Марина мечтала поскорей оказаться в комнате для свиданий, закрыть за собой дверь и не видеть больше никого, кроме Сергея. Но все было не так просто. Комнат было несколько, а вот кухня и туалет одни на всех. При таких условиях хочешь не хочешь, а затаиться, как зверек в своей норе, не было никакой возможности. «Тут вам биде не поставлены, – острила одна из служащих. – Подмываться будете в порядке живой очереди».
Небольшая комнатка, скудное убранство которой составляла кровать, стол и две табуретки, красноречиво свидетельствовала о своем назначении. Здесь поглощали пищу и занимались любовью. Замызганный матрац хранил на себе следы многих постояльцев. Мысль о том, что творилось на этом убогом ложе, вызвала у Марины чувство брезгливости. К горлу подкатила тошнота. Она, стараясь скрыть свои чувства, начала расставлять на столе кастрюльки, баночки, судки.
Сергей подошел и обнял ее. Она не противилась. Он начал целовать ее, нащупывая пальцами пуговицы на блузке.
– Подожди, Сережа, – постаралась вырваться она.
Конечно, она знала, что должно случиться, и бог знает сколько ночей, глядя заплаканными глазами в потолок своей одинокой спальни, она представляла их встречу. Но теперь ей хотелось, чтобы все было не так. Чтобы Сергей сел с ней рядом, глядя счастливыми глазами на ее взволнованное лицо, слушал бы последние новости из дому, которые она без умолку ему выкладывает, ласково сжимал ее руку. Эти минуты представились самыми счастливыми. Затем они бы занялись любовью: вначале нежно, едва сдерживая разгорающуюся страсть, затем – неистово. Наконец, насытившись друг другом, они, блаженно раскинувшись на кровати, лежали бы, почти не шевелясь. Возможно, она бы положила голову на его грудь, а он кончиками пальцев тихонько поглаживал ее волосы.
Но он жадно рванул на ней блузку, пуговица запуталась в волосах, причиняя ей боль. Затем он грубо повалил жену на кровать и овладел ею. Она едва сдержала стон. О блаженстве не могло быть и речи. Марина, закусив губу, мечтала, чтобы все побыстрей закончилось. На ее глаза уже набежали слезы. Он, утолив свою откровенно животную страсть, наконец оставил ее в покое.
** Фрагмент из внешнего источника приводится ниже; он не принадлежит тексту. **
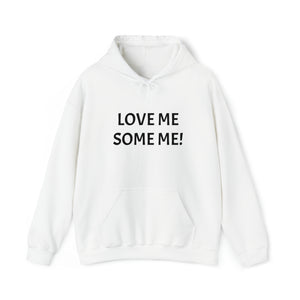 LOVE ME SOME ME! Unisex Heavy Blend™ Hooded Sweatshirt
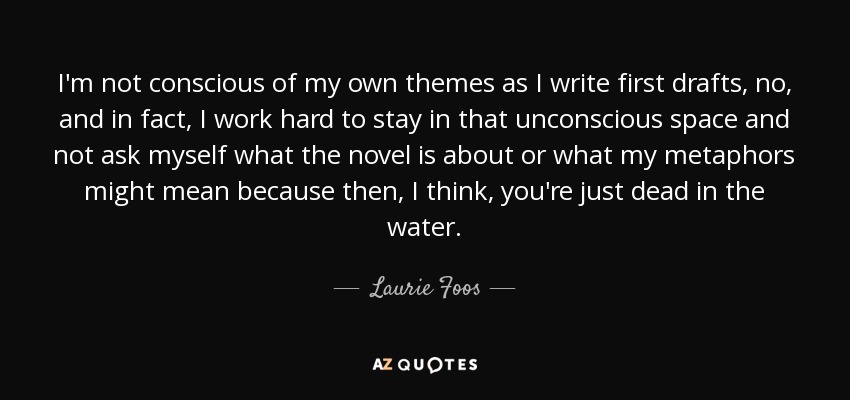 I'm not conscious of my own themes as I write first drafts, no, and in fact, I work hard to stay in that unconscious space and not ask myself what the novel is about or what my metaphors might mean because then, I think, you're just dead in the water. - Laurie Foos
– Тебе было хорошо? – поинтересовался он.
– Да, – солгала она. Что она могла еще сказать?
У нее создалось впечатление, что она только что побывала в постели с незнакомцем.
Сергей поцеловал ее в макушку, правильнее сказать, клюнул – нечто без эмоций и любви. Она положила ему в тарелку жаркое, и он принялся за еду. Тщательно пережевывая пищу, он пил приготовленный матерью компот и почти не глядел на Марину. Она же, отведя глаза куда-то в угол, изо всех сил сдерживалась, чтобы не расплакаться. Наконец он насытился, вытер салфеткой рот и отодвинул в сторону тарелку.